DATA SEGMENT
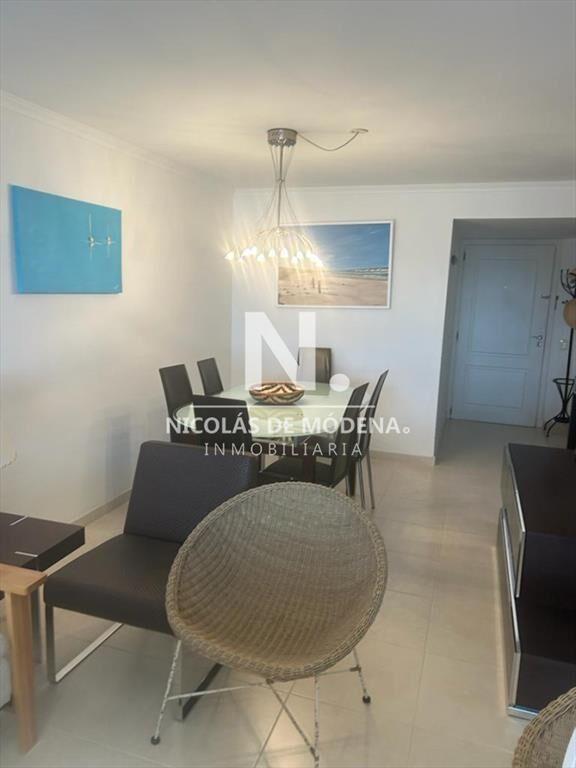Hermoso Departamento en venta con agradable vista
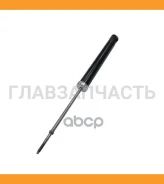 ����������� ��. CTR GY0811G (CYKH-614-G) [GY0811G] GY0811G ����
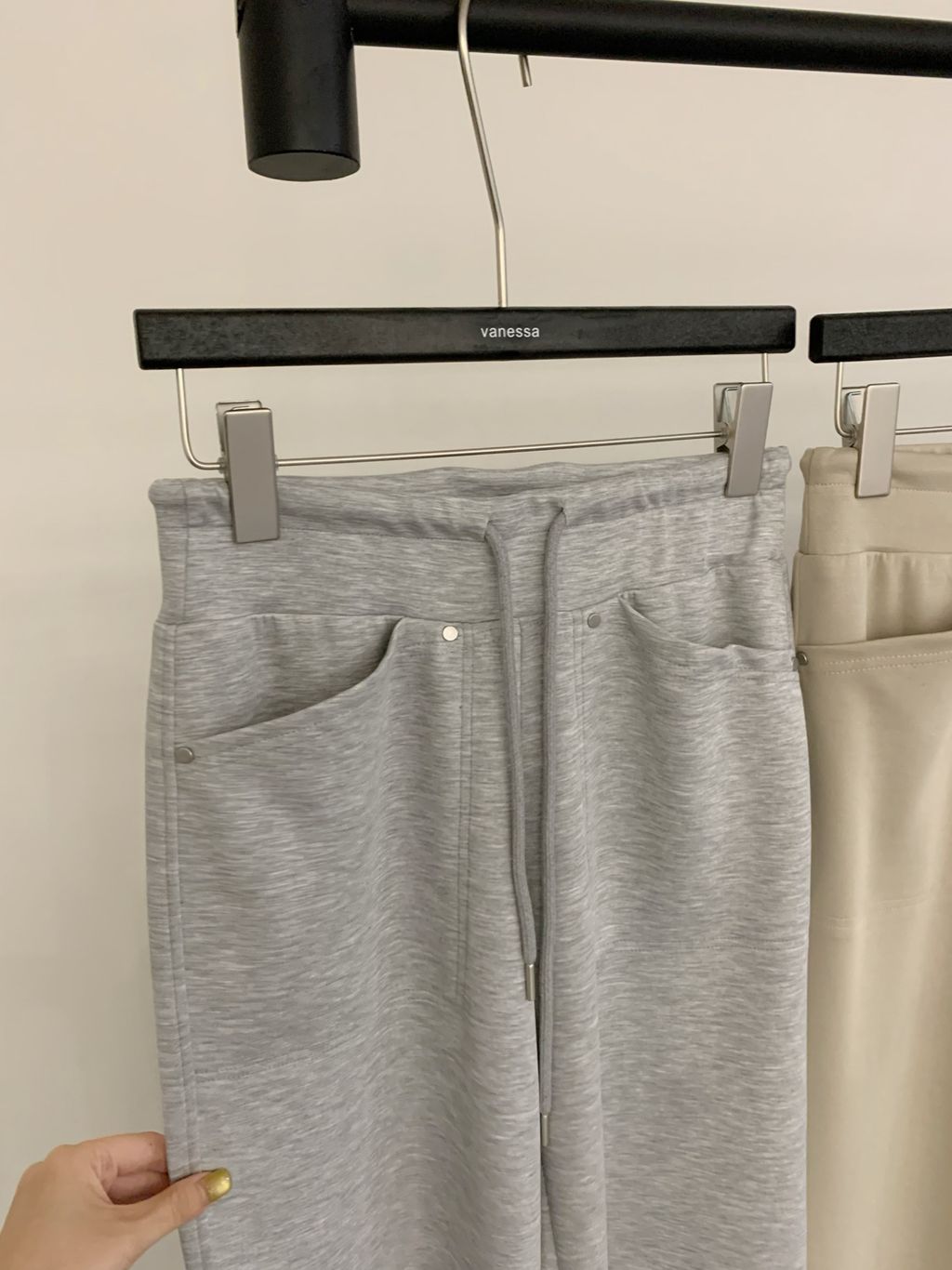 c350f570b8a2f7c508097356c2422e6d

REQUIRED WORK
Set the material above down again word for word. Include none of its pictures.

ANSWER BOX
Hermoso Departamento en venta con agradable vista
 ����������� ��. CTR GY0811G (CYKH-614-G) [GY0811G] GY0811G ����
 c350f570b8a2f7c508097356c2422e6d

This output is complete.